Tuesday, July 24, 2012

THE PRAIRIE EDITOR: One For The Books

As a relatively unknown first-term U.S. senator, Barack Obama entered the
2008 Democratic presidential nomination contest as a clear underdog
challenger to frontrunner U.S. Senator Hillary Clinton, the former first lady
during her husband's eight-year administration.

Mrs. Clinton had the nomination all-but-locked-up going into the Iowa
caucus, and even though she lost there to Mr. Obama, the nomination was
still likely to be hers if she competed seriously in all the primaries and
caucuses. Overconfident, however, the Clinton campaign only contested the
primaries, ignoring the smaller caucus states, giving the Obama campaign
the opportunity to accumulate a sizable number of delegates before the later
primaries in larger states. To their credit, the Obama campaign skillfully did
just that, and grabbed the momentum that led them at the very end of the
nomination contest to a narrow victory. The Obama campaign, taking cue
from Howard Dean's innovative use of the internet for fundraising in 2004,
launched a grass-roots fundraising effort which culminated in their raising a
record amount for a presidential race. They raised so much money that they
declined the federal subsidy available to major party nominees, and at the
end, dwarfed the campaign spending of their opponent Republican U.S.
Senator John McCain who accepted federal funding.

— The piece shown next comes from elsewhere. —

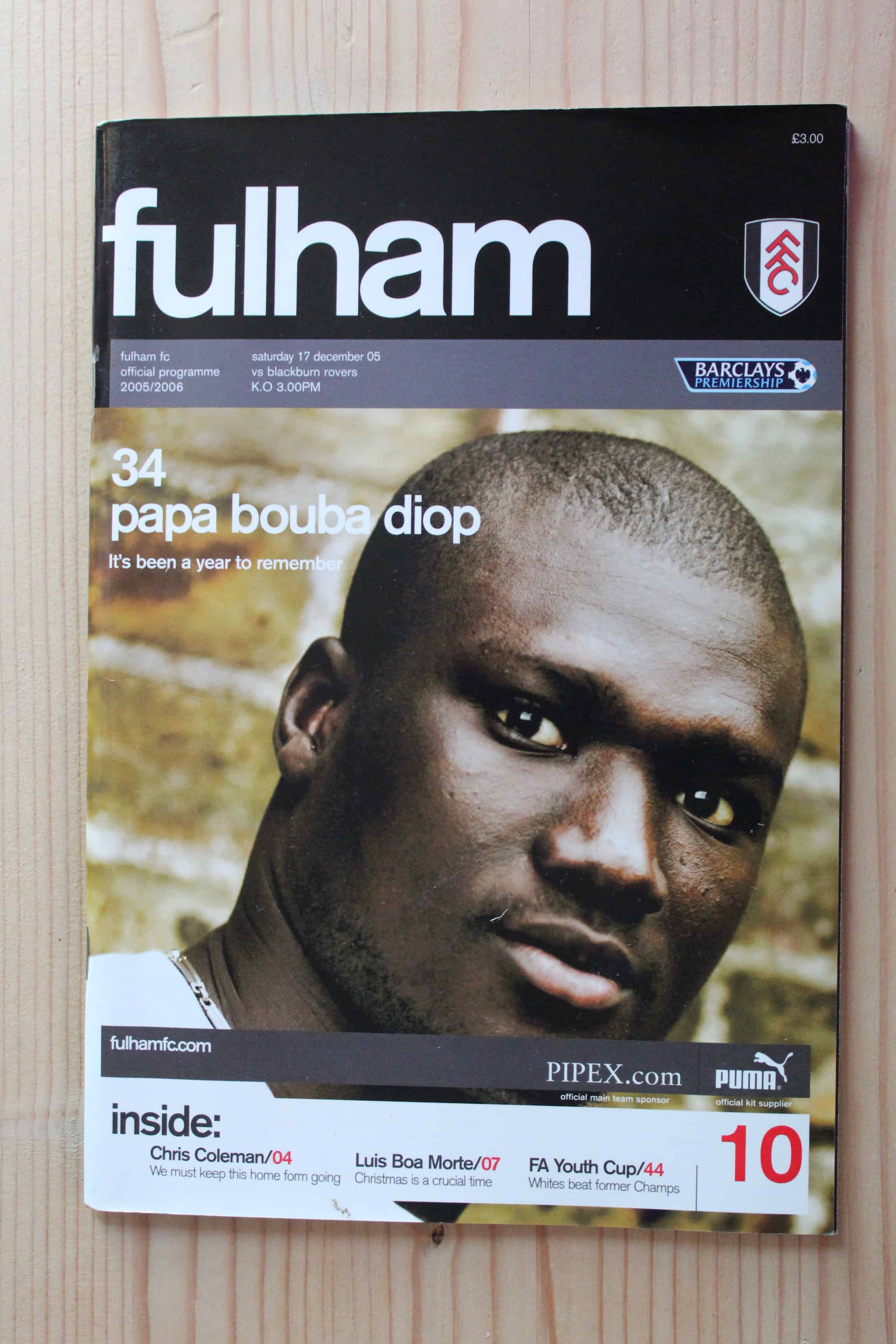 Fulham FC v Blackburn Rovers FC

Let us remember the political environment in September and October, 2008.
The incumbent Republican President George W. Bush, after two terms filled
with war and controversy, was very unpopular. The whole nation was
war-weary, and although Mr Bush had lowered taxes at the beginning of his
first term, he had also presided over a large increase in federal spending,
some if it of course for the war. Mr. McCain was a genuine war hero, but not
a particularly strong presidential candidate. Concerned with voter sentiment
about his age, and the unpopularity of the incumbent GOP president, he chose
the unknown Alaska Governor Sarah Palin as his running mate. Most of the
establishment print and broadcast media had become increasingly hostile to
the Republicans during the administration of George W. Bush, and by 2008,
were showing unambiguous bias against the GOP ticket, with particular
savagery to Mrs. Palin. Mr. Obama, who had his first national exposure as
keynoter to the 2004 Democratic convention, and had only a few terms as
a state legislator and partial term as U.S. senator in his resume, was not vetted
by the media which ignored the fact that most of the records of Mr. Obama's
political past had "disappeared."

In spite of all this, and particularly in spite of Mr. McCain's reluctance to make
his campaign a strong rebuttal of Mr. Obama's lack of experience, the GOP
ticket was ahead in the polls a few days before the historic crisis in the mortgage
banking sector appeared. This crisis was, of course, the last straw for many
independent and undecided voters, and Mr. Obama sailed to a decisive victory
in November. As happens with all presidential winners, the president-elect and
his campaign were hailed as "brilliant" strategists.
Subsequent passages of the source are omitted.